Innovation hubs bring teaching technology into schools in developing countries

Executive Director of the United Nations Children’s Fund (UNICEF) Catherine Russell visited Finland and learned about the activities of the two UNICEF Global Innovation Hubs based in Helsinki. The Learning Innovation Hub and the Innovative Finance Hub were launched early this year.

Catherine Russell and Ville Skinnari discussed with stakeholders how learning technologies could facilitate quality education in developing countries. Photograph: MFA/Konsta Partanen

A roundtable of the Ministry for Foreign Affairs, UNICEF and Finnish bodies and companies in the education sector discussed how Finnish technological and social innovations could be harnessed in education and UNICEF’s work globally.

Minister for Development Cooperation and Foreign Trade Ville hosted the roundtable, and its participants included representatives from the Ministry of Education and Culture, Finnish National Agency for Education, City of Helsinki, Nokia, Fingo, Finnfund, and the education technology company Eduten.

More and more children can go to school but they do not learn basic skills

Executive Director of UNICEF Catherine Russell says that while nearly all children in the world start at school, more than 600 million children do not learn even basic skills at school. Russell emphasised that learning should be seen as an investment in the future and not just as an expense item.
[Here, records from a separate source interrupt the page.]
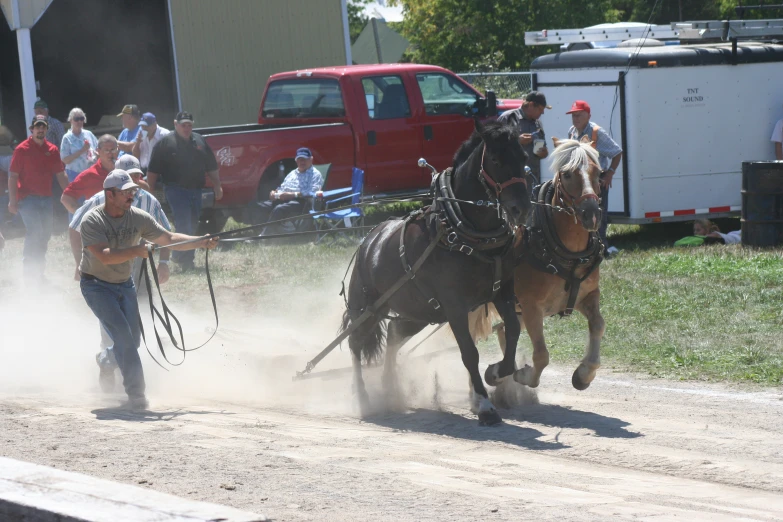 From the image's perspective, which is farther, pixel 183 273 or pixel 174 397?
pixel 183 273

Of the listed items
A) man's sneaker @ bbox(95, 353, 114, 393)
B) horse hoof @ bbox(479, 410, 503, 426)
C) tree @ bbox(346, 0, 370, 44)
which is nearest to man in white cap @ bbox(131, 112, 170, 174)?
man's sneaker @ bbox(95, 353, 114, 393)

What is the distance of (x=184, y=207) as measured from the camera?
14523 millimetres

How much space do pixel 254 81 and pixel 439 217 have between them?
16.0m

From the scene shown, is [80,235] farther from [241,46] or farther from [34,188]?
[241,46]

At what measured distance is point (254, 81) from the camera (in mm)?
22547

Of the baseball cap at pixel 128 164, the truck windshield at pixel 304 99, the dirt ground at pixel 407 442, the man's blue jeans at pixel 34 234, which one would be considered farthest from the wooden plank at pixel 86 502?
the truck windshield at pixel 304 99

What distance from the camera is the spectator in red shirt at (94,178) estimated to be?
10.3m

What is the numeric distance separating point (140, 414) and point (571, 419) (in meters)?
3.05

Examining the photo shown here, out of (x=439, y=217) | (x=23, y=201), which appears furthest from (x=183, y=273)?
(x=439, y=217)

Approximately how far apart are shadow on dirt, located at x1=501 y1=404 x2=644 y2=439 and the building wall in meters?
15.4

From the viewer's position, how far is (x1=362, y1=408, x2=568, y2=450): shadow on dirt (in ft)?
22.2

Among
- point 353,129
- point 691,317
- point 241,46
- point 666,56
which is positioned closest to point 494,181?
point 691,317

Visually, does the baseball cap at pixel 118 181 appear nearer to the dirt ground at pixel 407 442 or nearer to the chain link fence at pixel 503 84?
the dirt ground at pixel 407 442

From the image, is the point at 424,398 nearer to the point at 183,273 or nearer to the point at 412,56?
the point at 183,273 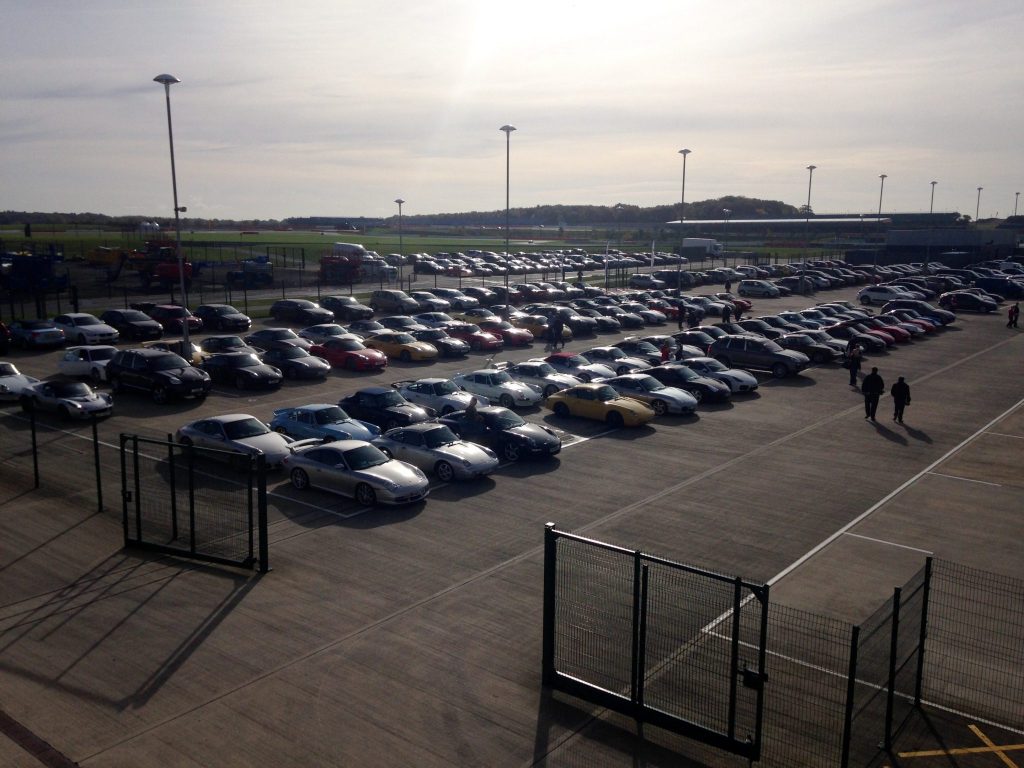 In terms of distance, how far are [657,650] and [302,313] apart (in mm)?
38830

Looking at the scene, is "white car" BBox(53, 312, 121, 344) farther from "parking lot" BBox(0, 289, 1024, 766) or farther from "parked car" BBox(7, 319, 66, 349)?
"parking lot" BBox(0, 289, 1024, 766)

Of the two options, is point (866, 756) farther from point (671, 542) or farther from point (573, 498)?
point (573, 498)

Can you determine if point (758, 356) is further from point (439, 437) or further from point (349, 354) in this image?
point (439, 437)

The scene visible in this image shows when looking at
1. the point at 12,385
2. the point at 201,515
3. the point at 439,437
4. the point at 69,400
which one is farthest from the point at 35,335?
the point at 201,515

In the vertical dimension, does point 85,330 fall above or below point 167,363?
below

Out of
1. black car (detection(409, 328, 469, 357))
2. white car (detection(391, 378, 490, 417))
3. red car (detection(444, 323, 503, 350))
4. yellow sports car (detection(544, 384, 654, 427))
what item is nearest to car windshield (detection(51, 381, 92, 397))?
white car (detection(391, 378, 490, 417))

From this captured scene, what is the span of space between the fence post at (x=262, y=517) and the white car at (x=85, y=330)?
27.4 m

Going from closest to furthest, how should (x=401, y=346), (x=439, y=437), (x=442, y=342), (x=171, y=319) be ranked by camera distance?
(x=439, y=437), (x=401, y=346), (x=442, y=342), (x=171, y=319)

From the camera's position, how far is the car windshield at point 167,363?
28438mm

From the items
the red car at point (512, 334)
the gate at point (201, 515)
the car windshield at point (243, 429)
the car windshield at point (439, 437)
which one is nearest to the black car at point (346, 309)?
the red car at point (512, 334)

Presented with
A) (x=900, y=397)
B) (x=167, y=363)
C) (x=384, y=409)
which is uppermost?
(x=167, y=363)

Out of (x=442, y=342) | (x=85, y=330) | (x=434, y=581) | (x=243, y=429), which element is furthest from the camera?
(x=442, y=342)

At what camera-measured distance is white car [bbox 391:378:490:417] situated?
2592 cm

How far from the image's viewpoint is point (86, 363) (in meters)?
30.8
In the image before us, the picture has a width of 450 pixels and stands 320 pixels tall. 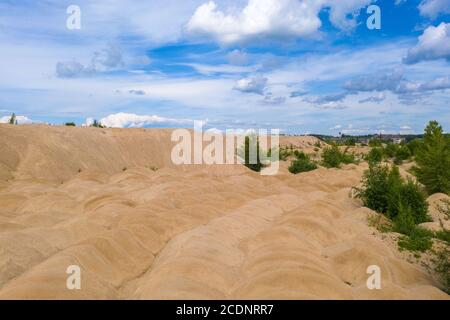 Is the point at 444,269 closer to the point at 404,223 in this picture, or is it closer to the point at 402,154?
Result: the point at 404,223

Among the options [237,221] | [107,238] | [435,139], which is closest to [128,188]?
[237,221]

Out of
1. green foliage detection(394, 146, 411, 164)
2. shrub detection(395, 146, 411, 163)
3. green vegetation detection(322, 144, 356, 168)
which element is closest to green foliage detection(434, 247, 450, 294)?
green vegetation detection(322, 144, 356, 168)

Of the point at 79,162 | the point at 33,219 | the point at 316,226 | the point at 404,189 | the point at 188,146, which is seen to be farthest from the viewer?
the point at 188,146

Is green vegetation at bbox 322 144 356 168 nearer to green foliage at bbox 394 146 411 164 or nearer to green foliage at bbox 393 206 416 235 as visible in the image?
green foliage at bbox 394 146 411 164

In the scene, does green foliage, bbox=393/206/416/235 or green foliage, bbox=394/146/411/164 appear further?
green foliage, bbox=394/146/411/164

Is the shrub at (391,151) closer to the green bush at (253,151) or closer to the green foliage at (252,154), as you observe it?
the green bush at (253,151)

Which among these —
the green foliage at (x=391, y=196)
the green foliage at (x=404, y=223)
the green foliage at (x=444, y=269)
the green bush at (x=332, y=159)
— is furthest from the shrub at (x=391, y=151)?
the green foliage at (x=444, y=269)

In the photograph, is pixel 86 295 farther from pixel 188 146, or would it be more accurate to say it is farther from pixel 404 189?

Globally, the availability of new learning technologies and solutions is highly unequal. The education sectors in developing countries need help in incorporating successfully teaching technology into local schools.

Both the public and private sectors are involved in the Global Innovation Hubs in Finland. The Learning Innovation Hub aims to distribute digital learning solutions to UNICEF partner countries and is working to develop the teaching of mathematics together with Eduten, among other initiatives. A partnership is also being planned with the Finnish Centre of Expertise in Education and Development (FinCEED) of the Finnish National Agency for Education.

The Innovative Finance Hub focuses on finding ways to influence the financial markets so that investments could be used to promote children’s rights. For example, the Hub can develop funds together with both institutional and private investors and find new ways of fundraising. The Hub’s experts are also supporting UNICEF’s work in the education sector.

Finland and UNICEF have been promoting innovation cooperation already for many years. Finland’s core funding to UNICEF was EUR 7 million last year. Of that sum, EUR 1.5 million was paid to innovations funds.